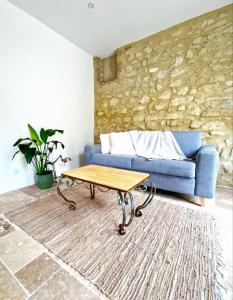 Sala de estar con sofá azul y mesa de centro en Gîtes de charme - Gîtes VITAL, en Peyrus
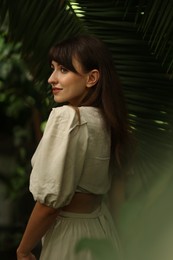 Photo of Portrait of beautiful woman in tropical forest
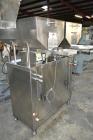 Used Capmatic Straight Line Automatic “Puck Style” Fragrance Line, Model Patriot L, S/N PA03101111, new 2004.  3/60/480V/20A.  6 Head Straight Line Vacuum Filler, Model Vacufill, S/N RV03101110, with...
=======
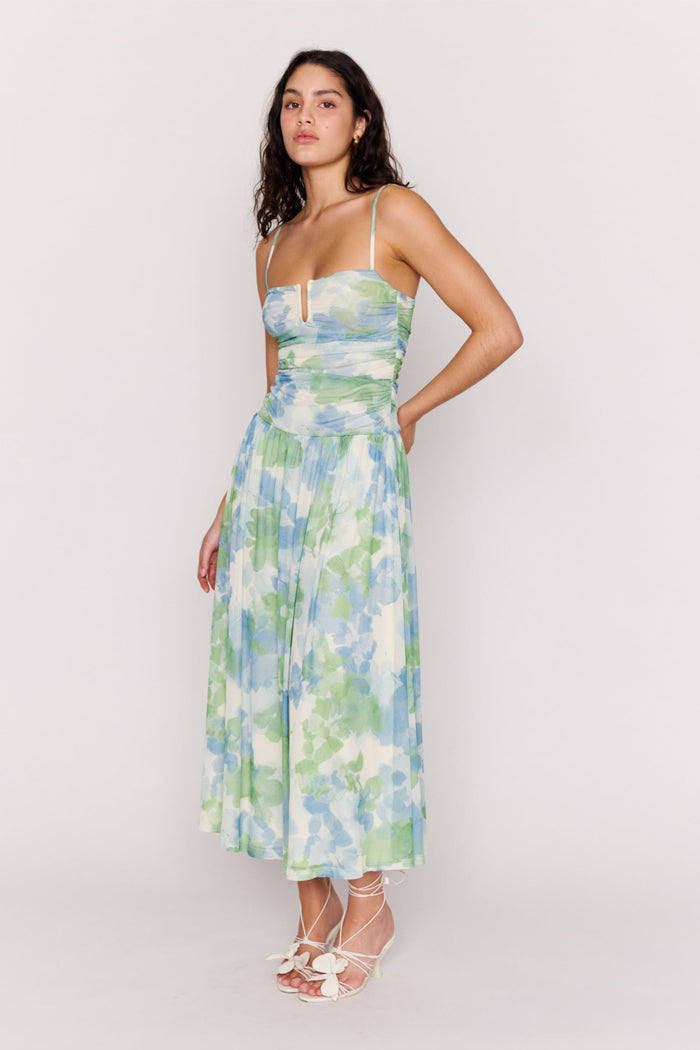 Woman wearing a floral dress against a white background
=======
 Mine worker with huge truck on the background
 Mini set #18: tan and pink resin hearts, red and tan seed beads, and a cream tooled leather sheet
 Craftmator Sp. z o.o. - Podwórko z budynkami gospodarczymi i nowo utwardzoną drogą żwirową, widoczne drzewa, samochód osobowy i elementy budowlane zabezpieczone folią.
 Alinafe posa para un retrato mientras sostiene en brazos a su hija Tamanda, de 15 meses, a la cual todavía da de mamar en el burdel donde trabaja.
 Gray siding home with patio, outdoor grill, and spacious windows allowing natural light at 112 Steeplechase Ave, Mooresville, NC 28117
=======
# Task description
Find the line with "Mini set #18: tan" in the entries above. Retype it and each line after it, exactly, through the line with "Craftmator Sp. z", and stop there.

# Exercise response
 Mini set #18: tan and pink resin hearts, red and tan seed beads, and a cream tooled leather sheet
 Craftmator Sp. z o.o. - Podwórko z budynkami gospodarczymi i nowo utwardzoną drogą żwirową, widoczne drzewa, samochód osobowy i elementy budowlane zabezpieczone folią.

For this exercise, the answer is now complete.